See the full meetup event details at
http://www.meetup.com/Spark-NYC/events/220733560/
At this meetup, co-organized with Spark Summit East, we heard first about Spark on Google Compute Platform, and second, about the new Spark DataFrame abstraction.
=================
First, a demo of Spark on Google Cloud Platform.
1) Seamlessly deploy Apache Spark 1.2 on Google Cloud Platform with bdutil - CLI. Start developing on your cluster within minutes.
2) Enable users to take advantage of Apache Spark and Google Dataflow, with the open source Spark Dataflow Runner enabling you to run your code on-premise on Spark clusters and in the cloud with the managed dataflow service
=================
Second, Databricks software engineer and lead of the Spark SQL project Michael Armbrust will present the new DataFrame abstraction in Spark for large-scale data science. (EDITOR'S NOTE: Speaker change; previously was Reynold Xin)

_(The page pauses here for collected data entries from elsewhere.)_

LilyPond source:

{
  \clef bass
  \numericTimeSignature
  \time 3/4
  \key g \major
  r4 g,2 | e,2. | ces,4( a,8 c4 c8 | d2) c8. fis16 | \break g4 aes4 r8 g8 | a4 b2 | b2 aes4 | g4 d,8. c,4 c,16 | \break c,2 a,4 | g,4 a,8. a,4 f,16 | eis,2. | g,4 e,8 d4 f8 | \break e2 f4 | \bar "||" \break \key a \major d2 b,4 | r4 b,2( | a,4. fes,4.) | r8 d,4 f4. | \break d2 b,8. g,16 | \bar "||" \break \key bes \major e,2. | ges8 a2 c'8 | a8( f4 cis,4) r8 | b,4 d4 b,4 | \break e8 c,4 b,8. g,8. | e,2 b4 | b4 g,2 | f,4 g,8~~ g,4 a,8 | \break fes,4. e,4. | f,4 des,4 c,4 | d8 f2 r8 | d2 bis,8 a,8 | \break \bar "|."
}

Data frames in R and Python have become the de facto standards for data science. When it comes to Big Data however, neither R data frames nor Python data frames integrate well with Big Data tooling to scale up for use on large datasets.
Inspired by R and Pandas, Spark's DataFrame provides concise, powerful programmatic interfaces designed for structured data manipulation. In particular, when compared with traditional data frame implementations, it enables:
- Scaling from kilobytes to petabytes of data
- Reading structured datasets (JSON, Parquet, CSV, relational tables, ...)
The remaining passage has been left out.